Finding landmines by scientific methods rather than by chance has become an urgent mission. An estimated 60 million to 100 million landmines are buried in at least 68 countries around the world. Called by some the most dangerous kind of pollution, these anti-personnel mines and devices come in more than 600 varieties. Some are the cheap and deadly remnants of recent wars and terror campaigns, but many others were strewn around as long as 50 years ago and still are dangerous.
In Cambodia, one of every 250 people has lost a limb after stepping on a landmine, reports Science News Online. The Soviets in Afghanistan spread millions of the deadly “butterfly” landmines. And millions of unexploded shells, grenades, and bombs also have made fields, forests, and even urban areas treacherous zones. Children are especially vulnerable, for their curiosity leads them to pick up unexploded ordnance. Those who aren’t killed outright suffer traumatic injuries.

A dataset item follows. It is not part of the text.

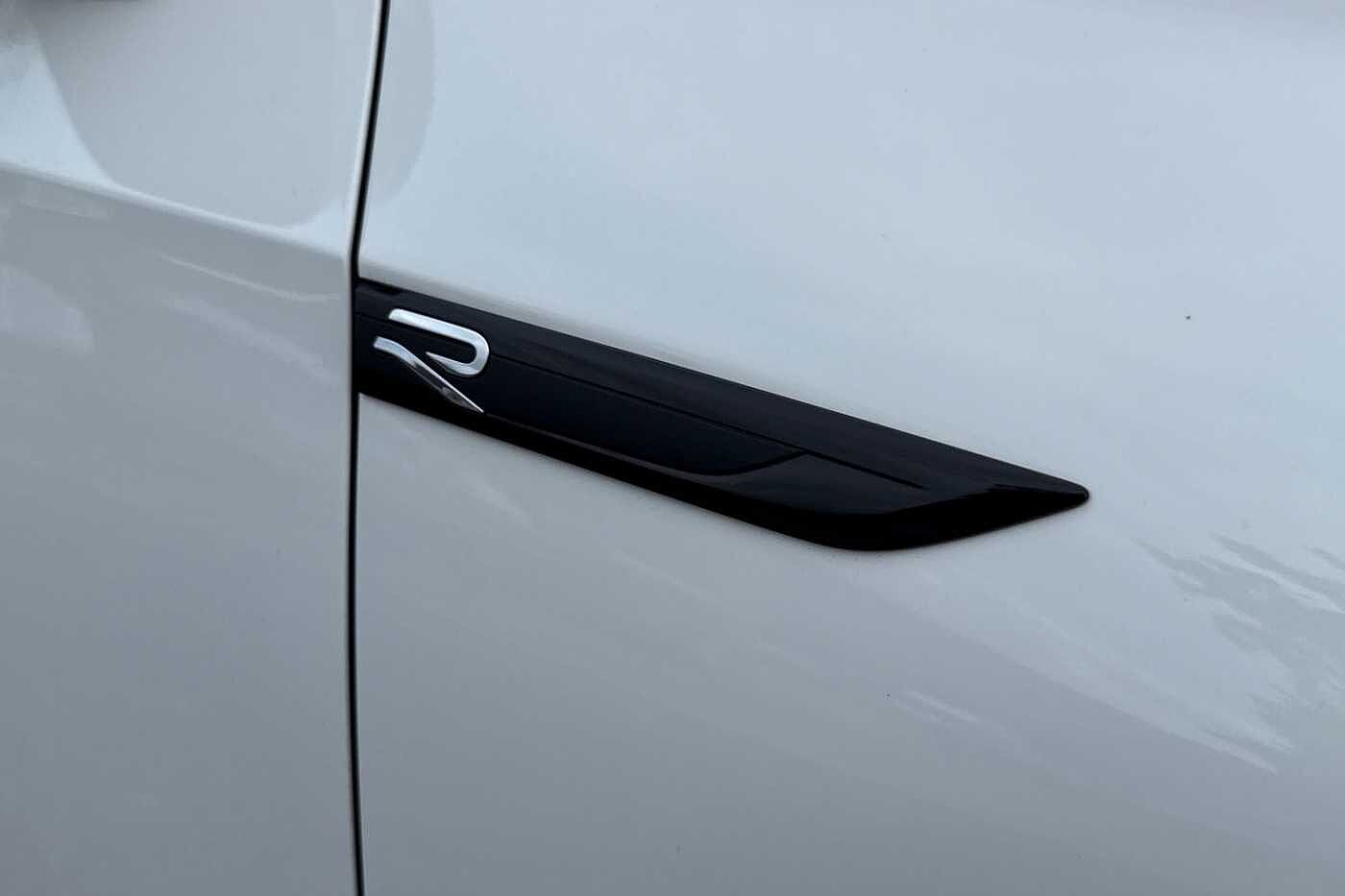 Volkswagen Golf R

At the Whiting School’s Center for Materials Sensing and Detection, researchers are looking at new ways to detect buried landmines and other explosives in real-time using chemical sensors. The center, established in 2002, is part of the Department of Defense (DoD) Multidisciplinary University Research Initiative (MURI). This new center partners several divisions of Johns Hopkins with Stanford University, the Rensselaer Polytechnic Institute, and SRI International. James B. Spicer ’91 PhD, associate professor of Materials Science and Engineering at the Whiting School, serves as principal investigator.

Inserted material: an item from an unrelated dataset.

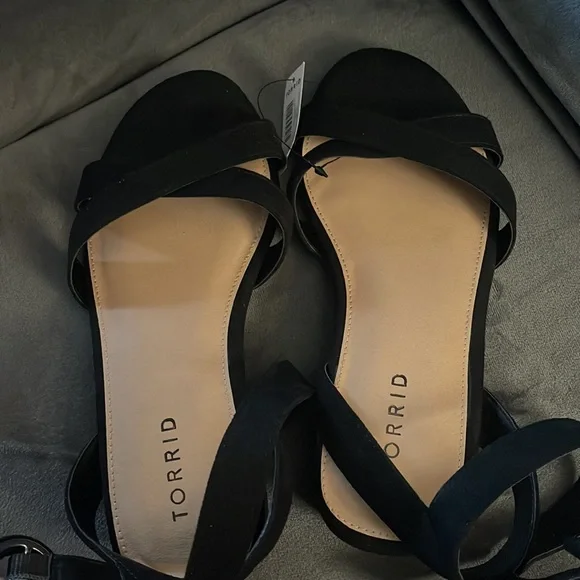 Black sandals - Picture 3 of 6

“We’ve selected technologies that could be applied usefully to the problem of explosive detection that haven’t been investigated before,” says Spicer. “We’re not inventing explosives detection. We’re applying different technologies to the problem.”

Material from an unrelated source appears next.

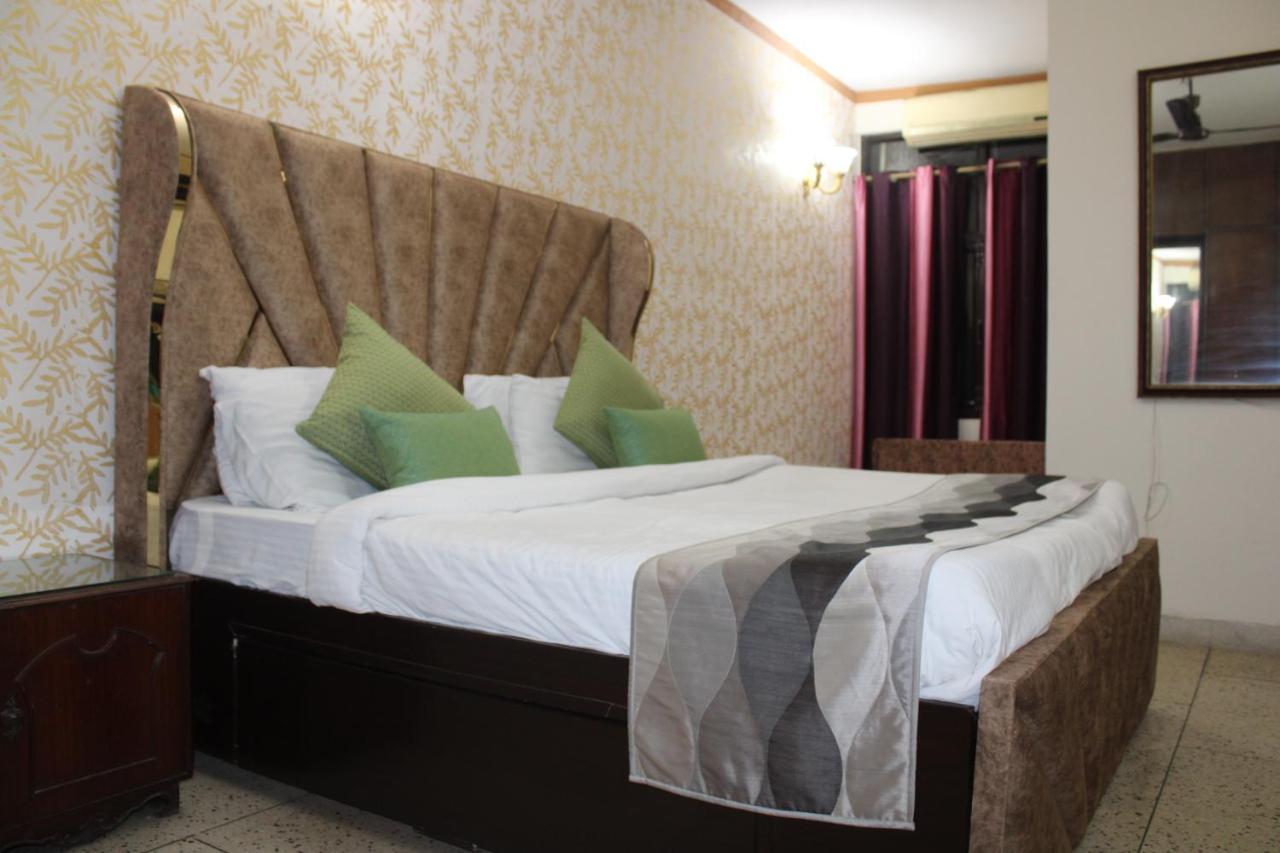 Awasthi Kozi Stays B&B - Closest To Vfs Új-Delhi Kültér fotó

For Spicer, this work is all about proving these new chemical detection techniques are viable. And there’s plenty of work to be done. “The challenge is not simply finding something that can detect explosives in the laboratory. There are many techniques that will do that,” says Spicer. “The real challenge comes when an explosive is in the environment.”
In looking at how these technologies might be applied, Spicer explains that “if you have a landmine or unexploded ordnance that’s buried, explosives leak out. What we’re trying to do is detect leaked chemical components from the explosive as they exist either on the ground surface or in the air just above the unexploded ordnance.”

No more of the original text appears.